However, if the function is a non-static member of a C++ class, MS VC++ appears to use a hidden pointer argument in order to return aggregate types, regardless of the size of the returned aggregate.  (Note the use of the word "appears" - I have no idea what is really supposed to happen.)

Is there a way to tell ifort that an otherwise stdcall function should always use this hidden parameter approach?  At the moment, I seem to get by by declaring the "function" as a subroutine, and explicitly including the returned thing as the second argument passed by reference.  Is this robust?

This approach also seems to work on x64.  Thoughts?

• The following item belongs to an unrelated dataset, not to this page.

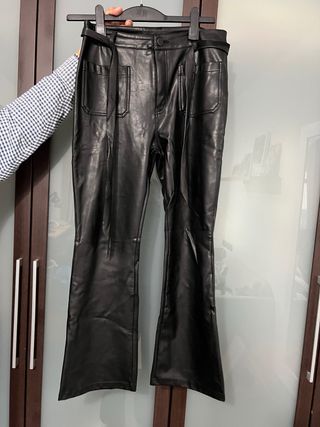 Pantalón negro H&M efecto piel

The issue has arisen when trying to write Fortran bindings for the Direct2D API.  Yes, I have run out of pills.  That API includes a handy method ID2D1RenderTarget::GetSize that returns an aggregate D2D1_SIZE_F that is simply comprised of two float's.

The Microsoft provided C interface for that particular API has the same issue as a Fortran function binding - generated code expects the size to come back in EAX and EDX and (on x86 at least) expects the called thing to execute a RET 4 instruction (the actual API appears to execute a RET 8 - four bytes for the pointer to the "this" object, four bytes for the hidden address).  I guess the number of people writing pure C interfaces to Direct2D is probably equal to the number of people writing Fortran interfaces, minus one.  And people think Fortran is dead.  While oggling around this topic I see bug reports filed against other compilers for other languages that are probably due to this difference.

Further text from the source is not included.